[Short descriptive text snippets]
===

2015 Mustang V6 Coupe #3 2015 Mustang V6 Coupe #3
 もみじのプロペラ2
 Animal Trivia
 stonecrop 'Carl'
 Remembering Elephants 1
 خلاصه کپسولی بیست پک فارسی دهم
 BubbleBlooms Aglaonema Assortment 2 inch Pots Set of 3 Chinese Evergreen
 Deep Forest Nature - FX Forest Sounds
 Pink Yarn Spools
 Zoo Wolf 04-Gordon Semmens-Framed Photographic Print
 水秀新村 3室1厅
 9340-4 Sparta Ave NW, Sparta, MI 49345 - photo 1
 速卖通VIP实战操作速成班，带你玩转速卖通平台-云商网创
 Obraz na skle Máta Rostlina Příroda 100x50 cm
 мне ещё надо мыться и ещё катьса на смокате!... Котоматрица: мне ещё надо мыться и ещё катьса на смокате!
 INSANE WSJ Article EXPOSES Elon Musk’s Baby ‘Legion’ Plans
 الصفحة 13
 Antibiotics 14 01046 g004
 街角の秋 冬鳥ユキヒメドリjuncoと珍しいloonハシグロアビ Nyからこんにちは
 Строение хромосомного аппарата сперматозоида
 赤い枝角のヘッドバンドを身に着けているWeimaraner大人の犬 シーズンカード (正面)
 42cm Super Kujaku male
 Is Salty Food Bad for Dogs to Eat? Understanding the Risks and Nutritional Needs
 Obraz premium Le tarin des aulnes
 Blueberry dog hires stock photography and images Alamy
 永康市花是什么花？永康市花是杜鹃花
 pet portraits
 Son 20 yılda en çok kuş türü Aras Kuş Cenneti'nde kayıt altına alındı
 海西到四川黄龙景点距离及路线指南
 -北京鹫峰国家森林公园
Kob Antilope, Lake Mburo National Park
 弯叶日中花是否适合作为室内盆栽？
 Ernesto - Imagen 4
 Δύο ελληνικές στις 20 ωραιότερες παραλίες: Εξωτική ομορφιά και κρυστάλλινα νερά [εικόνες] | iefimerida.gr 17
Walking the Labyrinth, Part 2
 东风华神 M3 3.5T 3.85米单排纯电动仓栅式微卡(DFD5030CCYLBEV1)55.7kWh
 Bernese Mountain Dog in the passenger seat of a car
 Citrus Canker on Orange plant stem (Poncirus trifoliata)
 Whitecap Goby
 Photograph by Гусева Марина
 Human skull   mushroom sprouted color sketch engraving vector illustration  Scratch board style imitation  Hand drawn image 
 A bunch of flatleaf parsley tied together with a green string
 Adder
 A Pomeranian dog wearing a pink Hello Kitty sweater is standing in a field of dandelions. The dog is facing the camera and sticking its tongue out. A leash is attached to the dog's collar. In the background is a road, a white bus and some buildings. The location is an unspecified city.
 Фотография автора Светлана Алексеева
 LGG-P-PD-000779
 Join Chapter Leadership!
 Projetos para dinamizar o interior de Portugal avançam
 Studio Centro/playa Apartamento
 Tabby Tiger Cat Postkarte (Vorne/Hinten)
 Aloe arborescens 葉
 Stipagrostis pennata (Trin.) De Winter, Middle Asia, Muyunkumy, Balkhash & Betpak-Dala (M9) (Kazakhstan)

===

> [TASK DETAILS]: Repeat all the records. Match each line exactly.

> [ANSWER BOX]:
2015 Mustang V6 Coupe #3 2015 Mustang V6 Coupe #3
 もみじのプロペラ2
 Animal Trivia
 stonecrop 'Carl'
 Remembering Elephants 1
 خلاصه کپسولی بیست پک فارسی دهم
 BubbleBlooms Aglaonema Assortment 2 inch Pots Set of 3 Chinese Evergreen
 Deep Forest Nature - FX Forest Sounds
 Pink Yarn Spools
 Zoo Wolf 04-Gordon Semmens-Framed Photographic Print
 水秀新村 3室1厅
 9340-4 Sparta Ave NW, Sparta, MI 49345 - photo 1
 速卖通VIP实战操作速成班，带你玩转速卖通平台-云商网创
 Obraz na skle Máta Rostlina Příroda 100x50 cm
 мне ещё надо мыться и ещё катьса на смокате!... Котоматрица: мне ещё надо мыться и ещё катьса на смокате!
 INSANE WSJ Article EXPOSES Elon Musk’s Baby ‘Legion’ Plans
 الصفحة 13
 Antibiotics 14 01046 g004
 街角の秋 冬鳥ユキヒメドリjuncoと珍しいloonハシグロアビ Nyからこんにちは
 Строение хромосомного аппарата сперматозоида
 赤い枝角のヘッドバンドを身に着けているWeimaraner大人の犬 シーズンカード (正面)
 42cm Super Kujaku male
 Is Salty Food Bad for Dogs to Eat? Understanding the Risks and Nutritional Needs
 Obraz premium Le tarin des aulnes
 Blueberry dog hires stock photography and images Alamy
 永康市花是什么花？永康市花是杜鹃花
 pet portraits
 Son 20 yılda en çok kuş türü Aras Kuş Cenneti'nde kayıt altına alındı
 海西到四川黄龙景点距离及路线指南
 -北京鹫峰国家森林公园
Kob Antilope, Lake Mburo National Park
 弯叶日中花是否适合作为室内盆栽？
 Ernesto - Imagen 4
 Δύο ελληνικές στις 20 ωραιότερες παραλίες: Εξωτική ομορφιά και κρυστάλλινα νερά [εικόνες] | iefimerida.gr 17
Walking the Labyrinth, Part 2
 东风华神 M3 3.5T 3.85米单排纯电动仓栅式微卡(DFD5030CCYLBEV1)55.7kWh
 Bernese Mountain Dog in the passenger seat of a car
 Citrus Canker on Orange plant stem (Poncirus trifoliata)
 Whitecap Goby
 Photograph by Гусева Марина
 Human skull   mushroom sprouted color sketch engraving vector illustration  Scratch board style imitation  Hand drawn image 
 A bunch of flatleaf parsley tied together with a green string
 Adder
 A Pomeranian dog wearing a pink Hello Kitty sweater is standing in a field of dandelions. The dog is facing the camera and sticking its tongue out. A leash is attached to the dog's collar. In the background is a road, a white bus and some buildings. The location is an unspecified city.
 Фотография автора Светлана Алексеева
 LGG-P-PD-000779
 Join Chapter Leadership!
 Projetos para dinamizar o interior de Portugal avançam
 Studio Centro/playa Apartamento
 Tabby Tiger Cat Postkarte (Vorne/Hinten)
 Aloe arborescens 葉
 Stipagrostis pennata (Trin.) De Winter, Middle Asia, Muyunkumy, Balkhash & Betpak-Dala (M9) (Kazakhstan)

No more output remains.